Britische Milliarden fallen weg – wer zahlt?
Die österreichische Wirtschaftswissenschaftlerin Margrit Schratzenstaller hat im Beitrag «Der Brexit als Chance für eine nachhaltigere Ausrichtung des EU-Budgets» zusammengestellt, wie viel zusätzliches Geld diese zehn EU-Länder zahlen müssten (siehe Tabelle). Deutschland, mit 14,3 Milliarden Euro grösster Nettozahler, hätte mit jährlichen Zusatzzahlungen von bis zu 3,5 Milliarden Euro zu rechnen. Auf Frankreich kämen weitere 1,4 Milliarden Euro, auf Italien entfiele 1 Milliarde.

Angesichts dieser Beträge erstaunt es wenig, dass die EU-Nettozahler höhere Beiträge ablehnen. Kommt hinzu, dass das EU-Budget laut Schratzenstaller zu wenig echte europäische öffentliche Güter finanziert und deshalb zu wenig europäischen Mehrwert schafft, was in den Mitgliedstaaten schwer zu verkaufen ist. Die Bevölkerung stelle eine relativ banale Kosten-Nutzen-Rechnung an und blende den indirekten Nutzen einer EU-Mitgliedschaft aus. Zudem kritisiere sie bereits jetzt schon die Höhe der bestehenden Beiträge in den europäischen Haushalt, dementsprechend habe eine Erhöhung kaum eine Chance.

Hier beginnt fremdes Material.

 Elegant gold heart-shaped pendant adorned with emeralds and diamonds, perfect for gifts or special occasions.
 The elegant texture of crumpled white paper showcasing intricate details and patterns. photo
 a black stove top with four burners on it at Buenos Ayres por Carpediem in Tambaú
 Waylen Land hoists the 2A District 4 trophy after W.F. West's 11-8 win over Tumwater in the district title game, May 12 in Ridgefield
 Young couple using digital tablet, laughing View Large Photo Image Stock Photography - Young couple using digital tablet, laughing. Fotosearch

40 Prozent des EU-Haushalts für Landwirtschaft
Wirft man einen Blick auf den EU-Haushalt 2015, dann wird verständlich, woher die Kritik rührt. Gemäss Europäischer Kommission beträgt der Haushalt der EU 141,2 Milliarden Euro. Der grösste Ausgabeposten mit 56 Milliarden Euro (knapp 40 Prozent) ist die Agrarpolitik, die mit «nachhaltiges Wachstum; natürliche Ressourcen» umschrieben wird. An zweiter Stelle mit 36,2 Prozent folgt die Strukturpolitik (wirtschaftlicher, sozialer und territorialer Zusammenhalt). Der drittgrösste Ausgabeposten mit 11,2 Prozent ist der Bereich Forschung und Technik (Wettbewerbsfähigkeit für Wachstum und Beschäftigung).

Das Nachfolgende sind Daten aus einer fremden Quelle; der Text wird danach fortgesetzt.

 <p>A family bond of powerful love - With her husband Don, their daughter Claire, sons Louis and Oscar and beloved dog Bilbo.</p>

Für Schratzenstaller bieten die Brexit-Diskussionen nun eine einmalige Chance, den EU-Haushalt zu überdenken und neu zu definieren. In ihrem Aufsatz plädiert sie für eine grundlegende Umstrukturierung der EU-Ausgaben im Hinblick auf ein «sozial inklusives und ökologisches Wachstum für die EU». Das würde zum einen die Akzeptanz der EU erhöhen und ihr zum anderen ökonomischen und ökologischen Auftrieb geben.

Vier Vorschläge für einen besseren EU-Haushalt

Um diesen Mehrwert zu erzielen, schlägt die Wissenschaftlerin folgende Umschichtungen im EU-Budget vor:

  • Reduktion der gesamten Agrarausgaben sowie Ökologisierung der Direktzahlung an die Bauern;
  • Verschiebung der Kohäsionsmilliarden (Strukturpolitik) von «reicheren» zu «ärmeren» Mitgliedstaaten und stärkere Koppelung an Klima- und Beschäftigungsziele sowie an eine pro-aktive Migrations- und Integrationspolitik;
  • Erhöhung der Ausgaben für Forschung mit Schwerpunkt auf ökologische und soziale Aspekte;
  • Erhöhung der Ausgaben für nachhaltigkeitsorientierte Infrastruktur mit Fokus auf transeuropäische Netze (vor allem Eisenbahninfrastruktur).


Wer verzichtet freiwillig auf Geld und Macht?

Wie realistisch ist diese Vision vor dem Hintergrund der grossen langfristigen Herausforderungen Europas: ökonomisches Ungleichgewicht zwischen südlichen und nördlichen Ländern, historisch hohe (Jugend-)Arbeitslosigkeit, steigende Einkommens- und Vermögensungleichheit, wachsendes Armutsrisiko, Klimawandel, anhaltende Flüchtlingsströme… Die Brexit-Verhandlungen wären in der Tat eine Chance, den EU-Haushalt und dessen Schwerpunkte neu zu definieren. Doch sei die Prognose gewagt, dass erstens die Bauern-Lobby auch in Europa derart stark ist, dass sie alles daran setzen wird, um weiterhin in den Genuss der Subventionen zu kommen. Und zweitens ist es wesentlich einfacher über Reformen zu sprechen, als diese durchzuführen. Das wird auch der neue französische Staatspräsident Macron bald erfahren. Denn niemand verzichtet freiwillig auf Geld und Macht.